**Provided records**
□ □ □
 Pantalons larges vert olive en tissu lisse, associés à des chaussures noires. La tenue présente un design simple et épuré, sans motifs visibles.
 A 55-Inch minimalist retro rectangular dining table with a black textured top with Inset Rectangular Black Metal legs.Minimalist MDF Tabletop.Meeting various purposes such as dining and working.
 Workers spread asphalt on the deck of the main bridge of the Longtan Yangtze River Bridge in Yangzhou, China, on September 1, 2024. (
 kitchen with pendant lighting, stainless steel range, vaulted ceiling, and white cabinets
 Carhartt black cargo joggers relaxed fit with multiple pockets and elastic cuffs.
□ □ □
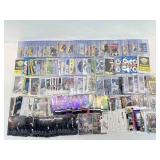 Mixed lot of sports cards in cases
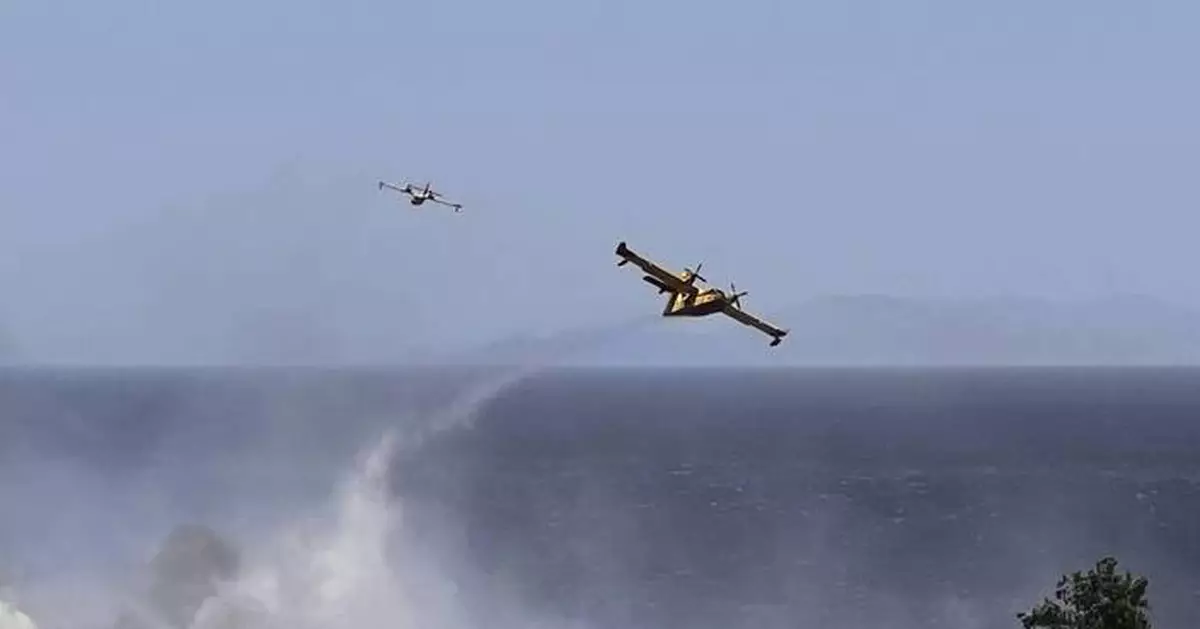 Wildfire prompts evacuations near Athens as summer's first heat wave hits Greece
□ □ □
**Exercise**
When you reach the line containing "Mixed lot of sports cards in cases" in the entries above, begin restating word for word, and stop once the line containing "Wildfire prompts evacuations" has been given. Omit the pictures.

**Expected answer**
 Mixed lot of sports cards in cases
 Wildfire prompts evacuations near Athens as summer's first heat wave hits Greece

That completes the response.